World Bank Forecast | Editorial

It appears the PTI government managed to deliver another punch to the economy on its way out, as the World Bank reduced Pakistan’s growth forecast by almost one per cent and criticised the additional budgetary burden of fuel and electricity subsidies, noting that these also threatened to derail the International Monetary Fund loan programme.

Apart from being a drain on the exchequer, the bank noted, the money being spent on these “unsustainable and ineffective” subsidies could instead have been put to use on “more productive projects” that would stimulate the economy or provide more societal benefits. One of the options suggested was increased income support for the poor — subsidies across the board mean lower prices for the rich and poor alike, whereas using the same funds for income support would reduce the impact of inflation on the poor and also stimulate the economy as poor people are more likely to productively spend the extra money.
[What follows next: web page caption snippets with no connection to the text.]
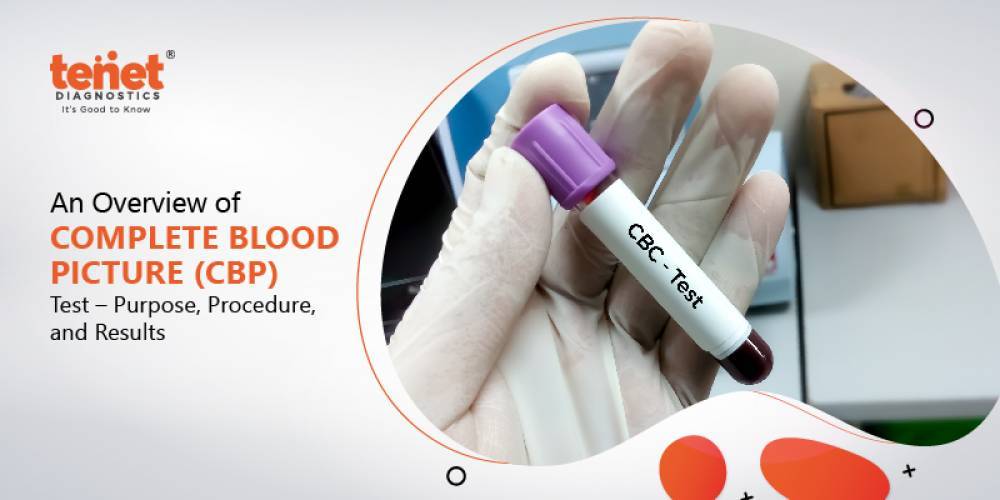 COMPLETE BLOOD COUNT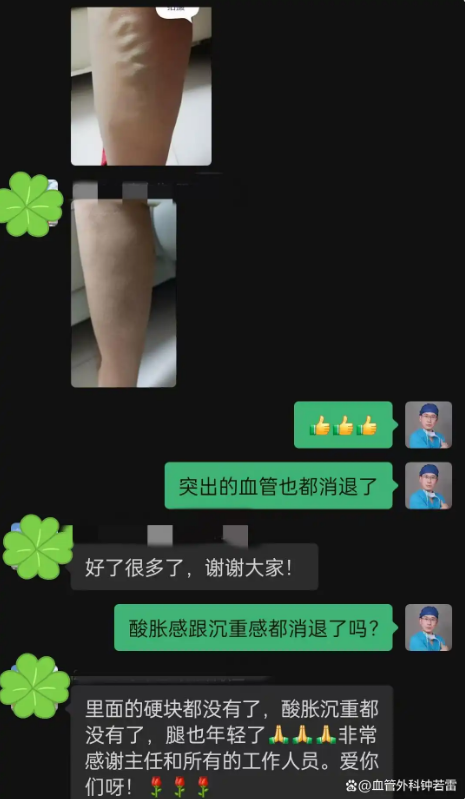 53岁，做完静脉曲张微创6个月，不想隐瞒坦白4点真相！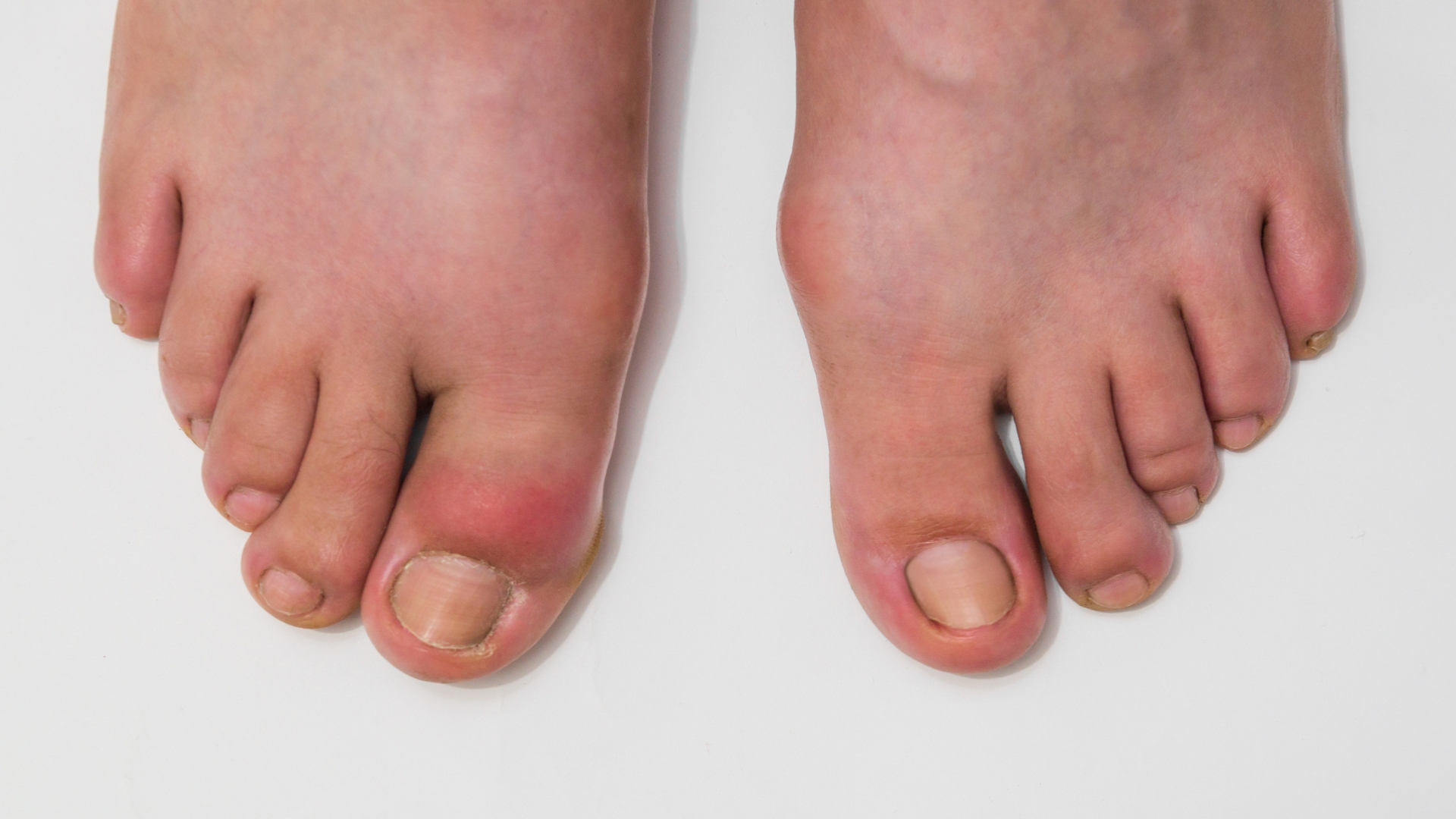 Mối liên hệ giữa purin và bệnh gút bắt nguồn từ quá trình chuyển hóa tự nhiên trong cơ thể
On the same note, the World Bank report directly attributed fuel and electricity price cuts to political considerations, rather than economic ones.

The decline in the growth rate projection was attributed to high inflation and the related ineffective policy measures taken to control it, which have only been “eroding real private consumption growth”. However, it was not all the government’s fault — the bank noted that the entire South Asia region is in a fragile situation, and that global supply chain issues and the war in Ukraine are taking a severe toll on the global economy. Still, growth in the region is projected to be well over six per cent for each of the next two years — well above the most recent projections for Pakistan. Meanwhile, inflation is likely to remain in double digits till next year. The only other regional country with a similar inflation rate prediction is Sri Lanka, which recently defaulted.

Meanwhile, general government debt has crossed 70 per cent of GDP, partly because of Covid-19 pandemic-related spending. Intense political wrangling can be expected when fiscal consolidation measures are charted out to deal with this additional debt, and given the patchwork nature of the new government, there is legitimate concern that politicking over debt management could lead to further economic upheaval.